Ian isn’t averse to a little freaking out himself. Back in the 1980s, he looked set to break Hollywood, after winning a British Academy Award for his short live action film, Goodie Two Shoes, which was then nominated for an Oscar.
The prize-winning director was flown to LA for the ceremony and courted by the heads of all the major studios. Emes touched down in a world of success, excess and the nip and tuck ageless.
Quite a journey from that kitchen sink in Handsworth.
He was taken to a fancy hotel, where he was confronted by more bottles of free champagne than it was possible to swig in a debouched decade.
“These magnums of champagne were three foot high and I didn’t know what to do with them,” he says. “So I poured them in the bath, then bathed in champagne, which I thought was going to be incredibly nice, but it was actually really horrible. It was sticky and nasty.
“I did manage to drink a couple of glasses of the champagne before going to the pre-Oscars party. So I was a bloke from Birmingham who was a little bit tipsy.”
The invitation for the party said it was going to be an intimate, informal gathering. Which it probably was – by Hollywood standards.
“There was a two lane motorway going down to the house, lined with Mexicans on horseback, playing guitars,” recalls Emes.
Every major Hollywood star of the era was there.
“It was like Madame Tussauds come alive. There was Warren Beatty, Dolly Parton, Cher, Shirley MacLaine, Jack Nicholson, Michael Caine...”
Shirley MacLaine had been nominated that year for Terms Of Endearment, and Emes – still half-cut – staggered up to her while she was telling her friends that she was feeling rather nervous.
Slurring his words, the boozed-up Brummie burbled: “Well Shirley, whatever happens, you’ve made some wonderful films!”
The group didn’t take kindly to such chumminess. All the faces fell and they drifted off, leaving Ian on his own.
Luckily Michael Caine came over and was very friendly. Caine pointed to a fireplace and admitted that it was bigger than his mother’s house. Then the star of The Italian Job introduced Emes to an actor standing nearby.

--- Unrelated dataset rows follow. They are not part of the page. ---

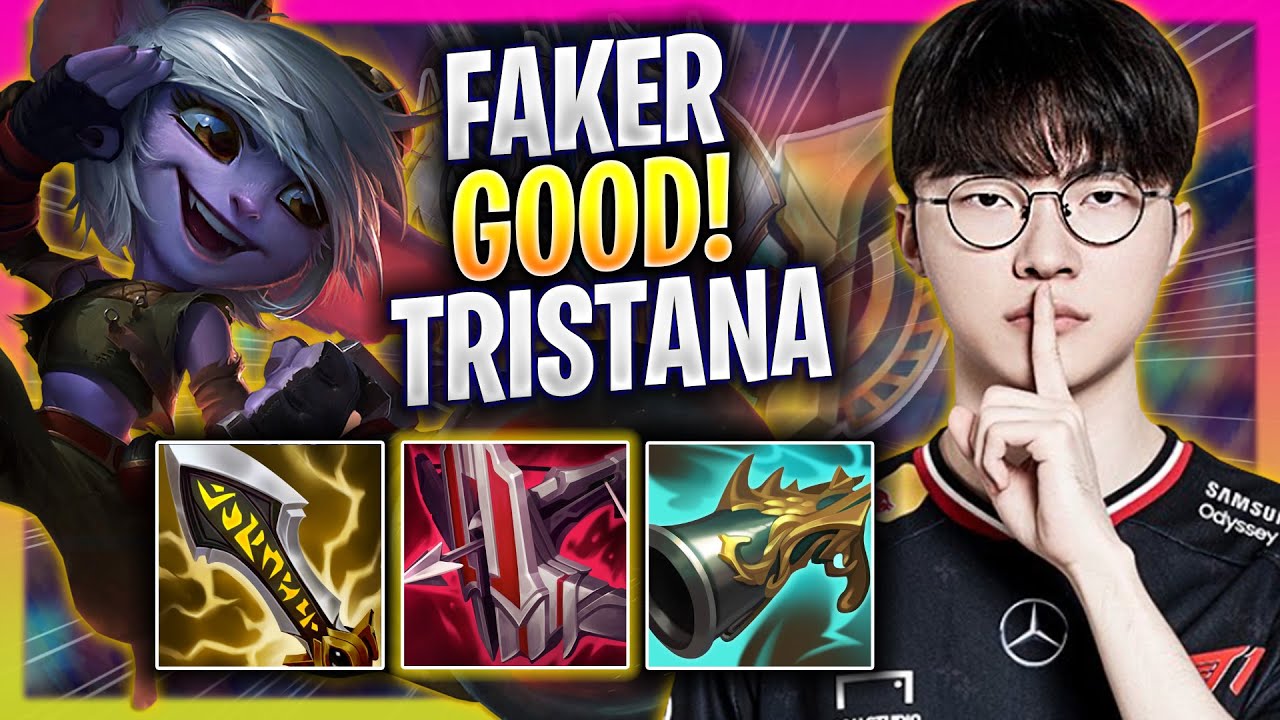 FAKER IS SO GOOD WITH TRISTANA! - T1 Faker Plays Tristana MID vs Sylas! | Season 2025
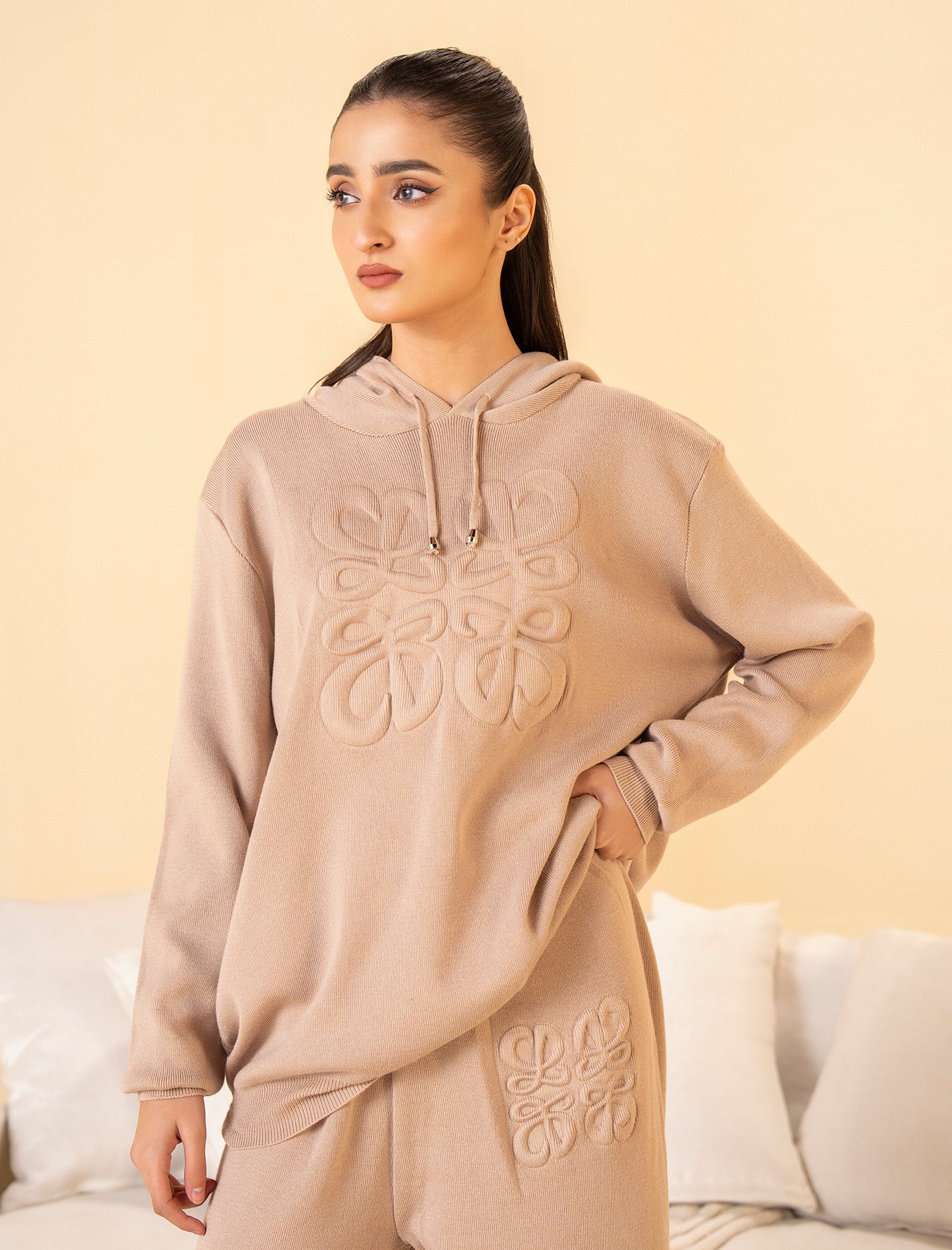 Beige Cozy Lounge Set
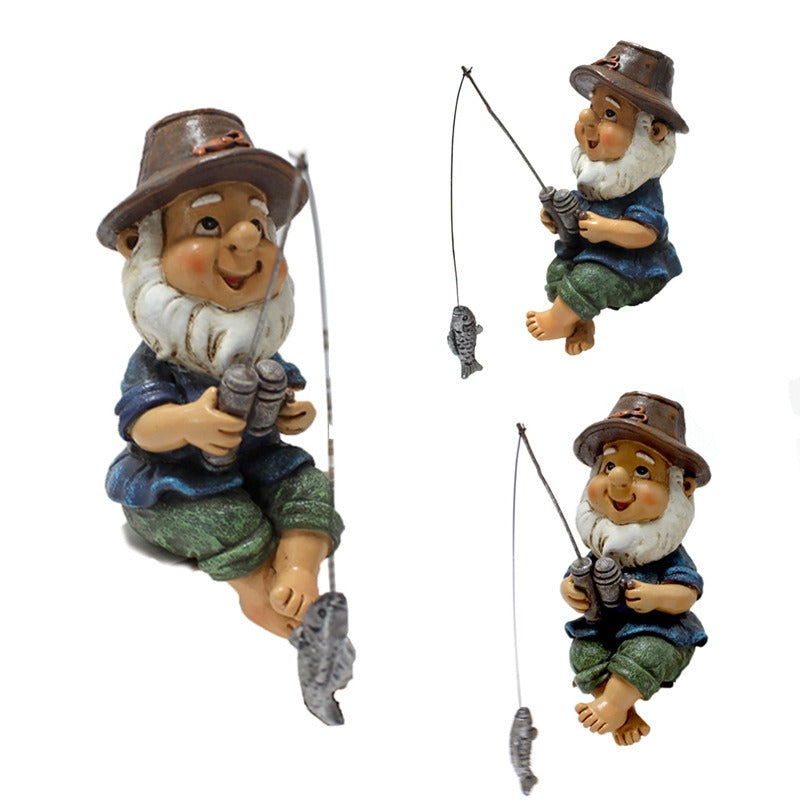 Creative resin ornaments for garden fishing sprites - Korvel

It was Jack Nicholson. At which point Ian put his foot in it once more.
“I said, ‘The thing is, Jack, I don’t know what they’re all getting so excited about – it’s only an award!’
“It was such a Birmingham thing to say. The Birmingham was really coming out in me that night. Jack said: ‘Well, Ian, you kind of get caught up in it. You know what I mean?’ Then, obviously, he vaporized into the group.”
Emes certainly didn’t manipulate the party to the advantage of his career. He was a loser of a schmoozer on that occasion.
However, in the long run, it didn’t prove to be detrimental. He still had that canoe cruising mentality to fall back on, plus a bunch of ideas.
Over the years he has worked in America, Europe and the UK. After a period working on feature films, he is currently focusing his energy on TV.
He recently won another British Academy Award for co-directing the children’s TV series, Bookaboo ... about a talking dog who plays the drums and interviews celebs. Yep, those Pink Floyd trippy trappings have never really left Ian’s itchy imagination.
Even after many decades in the film and TV industry, Emes still believes that French Windows, the work that set his career in motion, is the work that stretched his talent the most.
He is delighted that it is once again being shown in the Ikon, its original home.
“Looking at it again is incredible,” he says. “In my life, I’ve made a lot of films that I’m proud of. But that piece is still the best thing I’ve done. Which must be the freshness and ambition of youth.”
That isn’t to say the 61-year-old has dried up in any way.
“My limbs are a bit more creaky and tired,” he admits. “But inside this robot piece of machinery called the body is a floating ‘me’.
“And that ‘me’ is still a child in the playroom.
“These days I’m a father, I’ve been married for over 30 years, and I pay a mortgage and I pay my taxes, and all that stuff.
“But my place is in the play room. That’s where I’m happy, and that’s where I want to stay.”